序盤では王女のあまりに唯我独尊まっただなかな発言に正直閉口したりしましたが、その発言の中に王女なりの自尊心とか意地みたいなものが見え隠れし始める頃から一気に面白くなりました。意地を張って修道院入りを見送っているうちに取り返しの付かない事になってしまい、それを悔やんでいるのに、人前でそれを言えないエミリーが意地らしくてそして可愛く思えて、一気に惹きこまれます。特に城攻めに遭ったときにエミリーが呟いた本音(傍にいないマティアスに向かって「妾も修道院のこと、考えていなくもなかったのだぞ」的なセリフの部分)なんかは胸に堪えました。

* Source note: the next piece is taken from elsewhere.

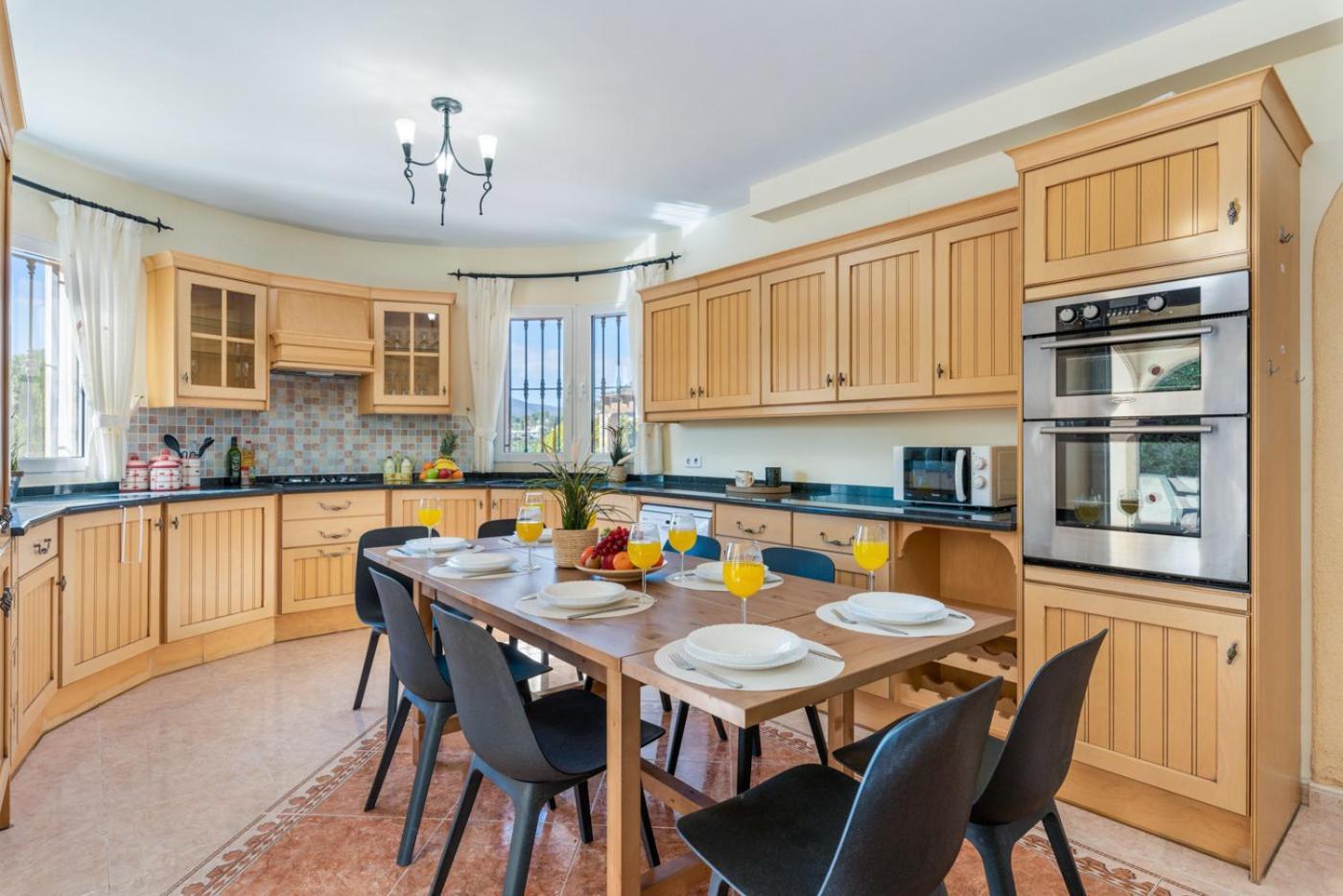 Villa Comodo - Plusholidays Calp Dış mekan fotoğraf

そして彼女達を襲った"亡霊騎士"と呼ばれる暗殺者の側にもまた彼らなりの"事情"があって、快楽のために殺すとかではなく生きるために仕方なくやっている…というのがまた。彼らが"亡霊騎士"に身を堕とす切っ掛けにはまた切ないドラマがあって…というのが素敵でした。作中で行われる殺人は本当に容赦なく、登場人物の生存率は限りなく低いという展開が続くのですが、どんなに酷い展開でも敵側を憎むことが出来ませんでした。

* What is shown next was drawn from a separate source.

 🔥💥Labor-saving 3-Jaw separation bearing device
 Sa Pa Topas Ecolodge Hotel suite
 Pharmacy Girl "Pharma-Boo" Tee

圧倒的な力を持つ強敵である亡霊騎士達に、独りで立ち向かう王女の姿が凄く熱かったです。ただ、キャラクターたちの会話(特にエミリー)は非常に面白いんだけどバトル描写がイマイチ読み辛くて、イマイチ何が起こっているのかわかりづらかったのが残念だったような。描写が多すぎて文章が読み辛いというかテンポが悪いというか…ううむ。